__About this exercise__.
Each line below from the "2015 Toyota LAND CRUISER 照片 10" line through the "The Club - Tim Nash - cover" line, those two included, must be restated word for word; the pictures must not be.

__Records to process__.
********************

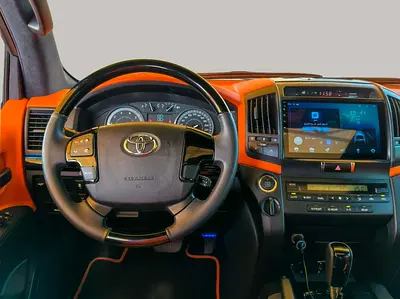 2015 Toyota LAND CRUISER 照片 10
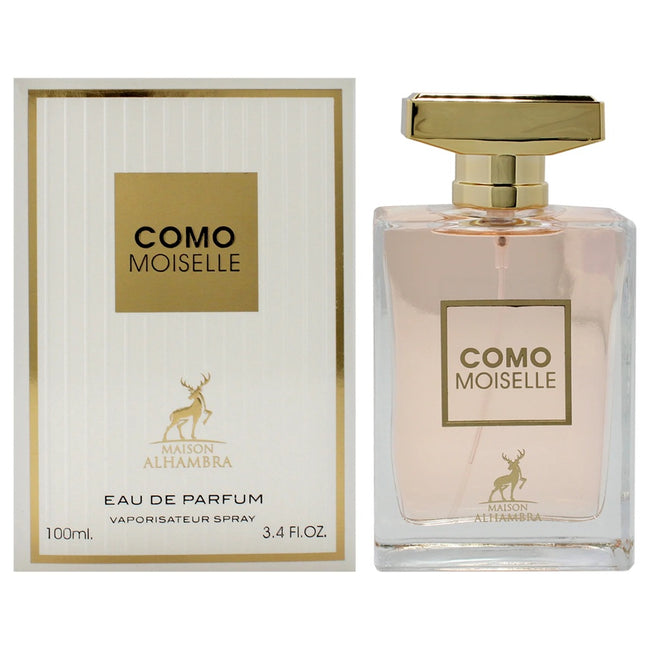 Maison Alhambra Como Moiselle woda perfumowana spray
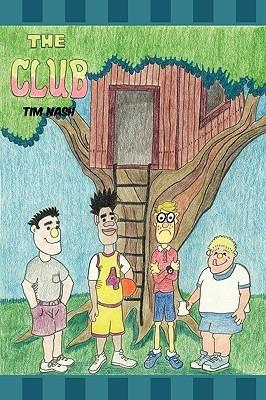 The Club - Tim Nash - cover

********************

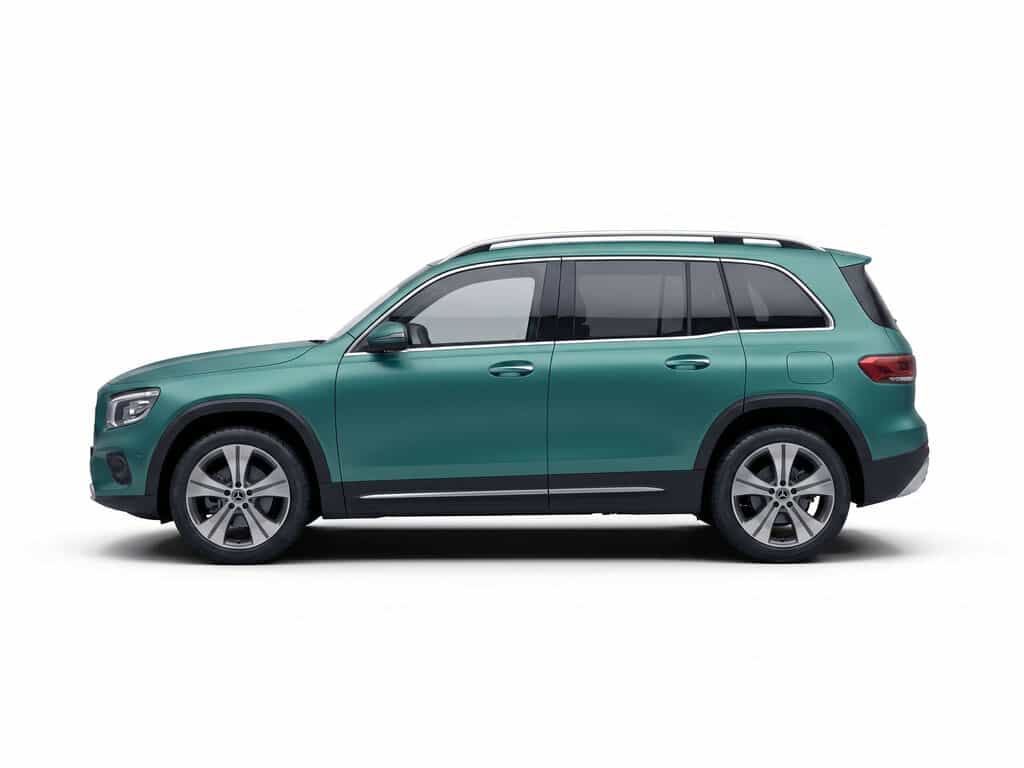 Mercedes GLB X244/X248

********************

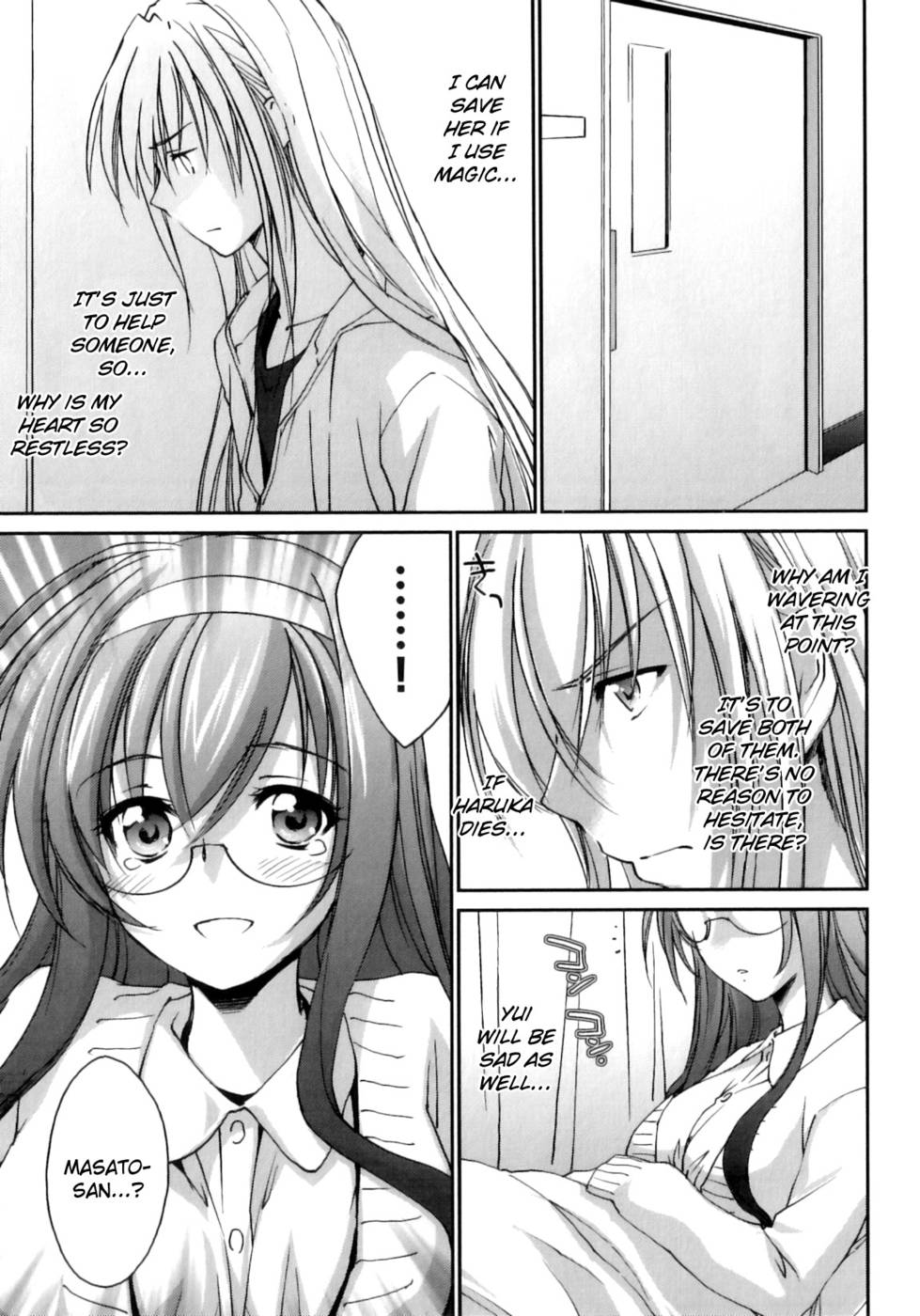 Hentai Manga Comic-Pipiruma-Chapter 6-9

********************

__Exercise output__.
 2015 Toyota LAND CRUISER 照片 10
 Maison Alhambra Como Moiselle woda perfumowana spray
 The Club - Tim Nash - cover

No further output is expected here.